Duluth making gains on 100-mile mountain bike trail

A group of Duluth cyclists is 35 miles along on its ambitious quest to build a 100-mile single-track mountain bike trail across the city called the Duluth Traverse.

Matt Evingson and Justin Martin ride a section of the Duluth Traverse mountain bike trail. (Photo courtesy Adam Sundberg)

Last year the Cyclists of Gitchee Gumee Shores (COGGS) opened five miles of new trails. This year the group plans to open 20 additional miles by July, said COGGS Chair Adam Sundberg, a chiropractor in West Duluth.

But the trails are expensive to build; as much as $40,000 per mile if built by a professional trail contractor, which the group has to hire to qualify for state and federal grants.

COGGS has received a $250,000 state Legacy Fund grant, a $150,000 federal recreational trails grant, and gets $100,000 annually from the City of Duluth. That local investment is part of a larger strategy embraced by Duluth Mayor Don Ness to build trails and other outdoor quality of life amenities designed to lure young, educated professionals.

COGGS also just received a $30,000 matching grant for its upcoming fundraising gala from Duluth company Loll Designs to hire a larger local trail crew.

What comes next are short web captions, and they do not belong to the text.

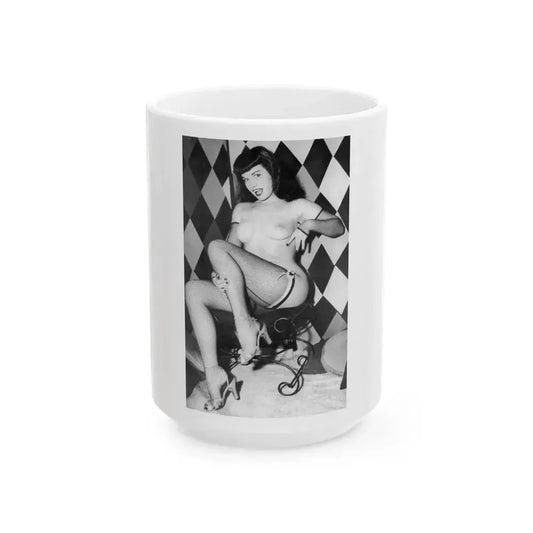 Bettie Page #654 (Vintage Female Icon) White Coffee Mug 15oz - Go Mug Yourself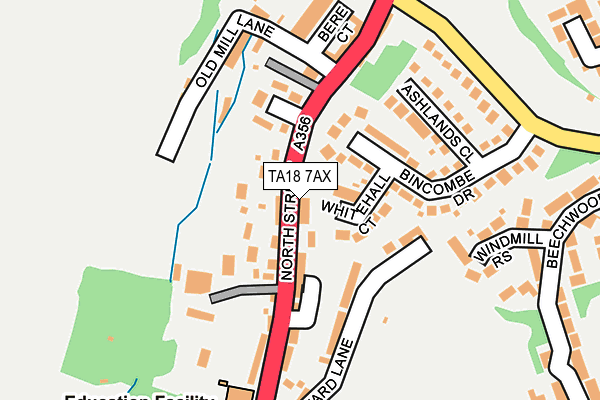 TA18 7AX map - OS OpenMap – Local (Ordnance Survey)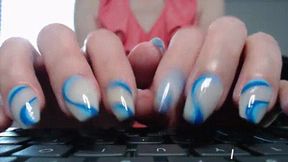 Hand Worship - Blue Nails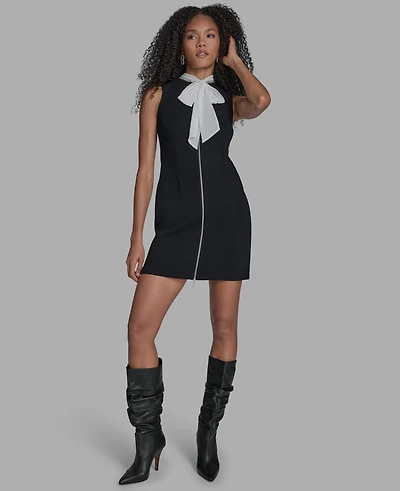 Bcbg Women's Mock Neck Front Zip Dress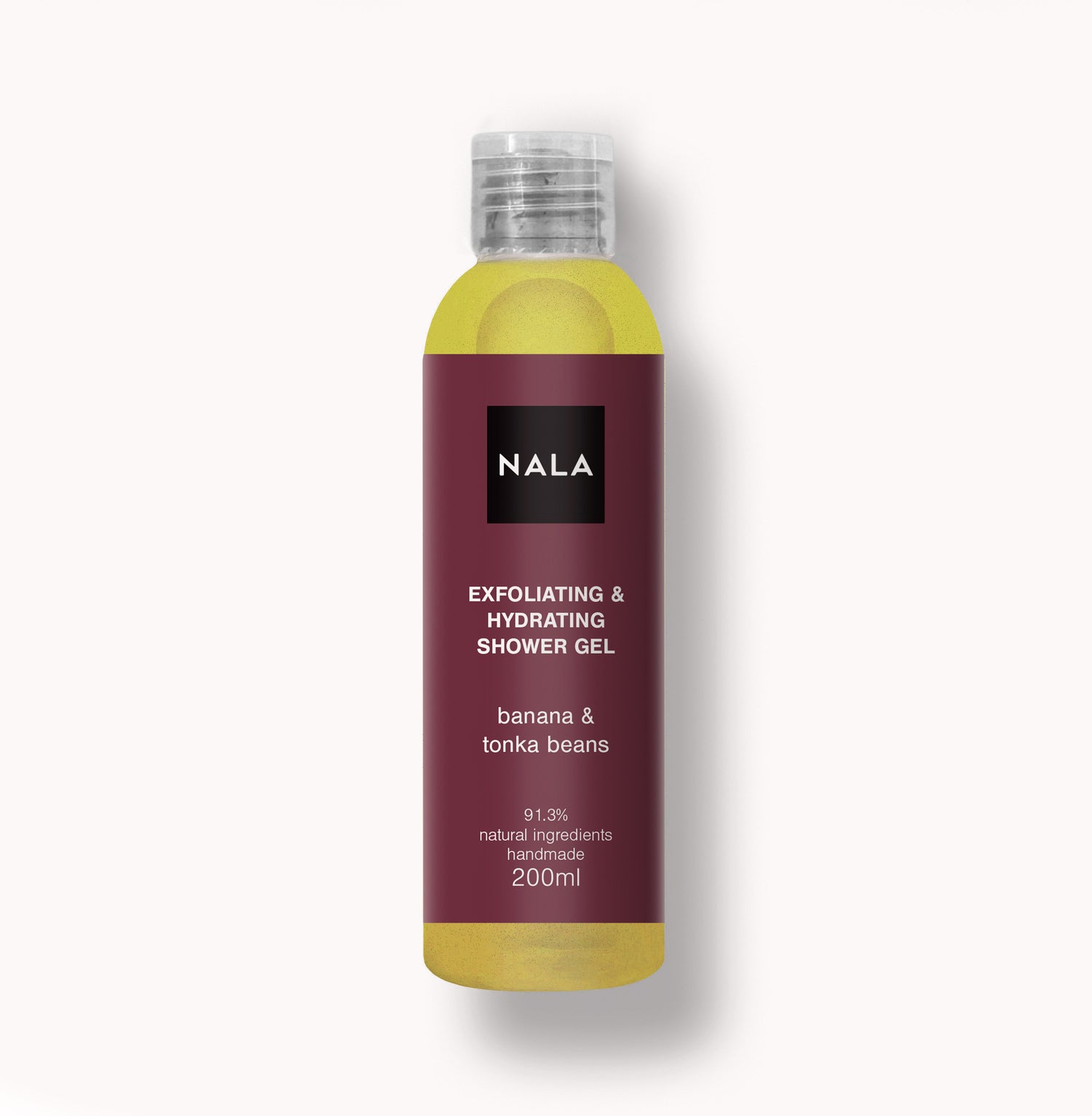 Gel de duș Exfoliant Hidratant - Banană &amp; Boabe Tonka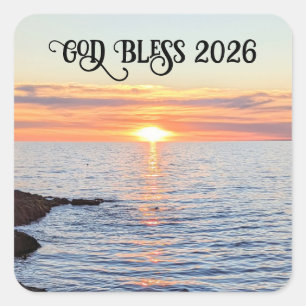 God Bless 2026 Neujahrs-Goldsonnenuntergang-Foto Quadratischer Aufkleber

At the current pace, Sundberg estimates the entire trail could be completed in five years, at a cost of about $3 million. While Park City, Utah boasts over 100 miles of mountain bike trails, the trails are outside of town. The Duluth Traverse will be a ribbon of trail along the ridge that runs the length of the city.

“Everyone who lives in Duluth is going to be within five minutes of some part of the Duluth Traverse when it’s all done,” said Sundberg. “That’s what’s unpreceneded.”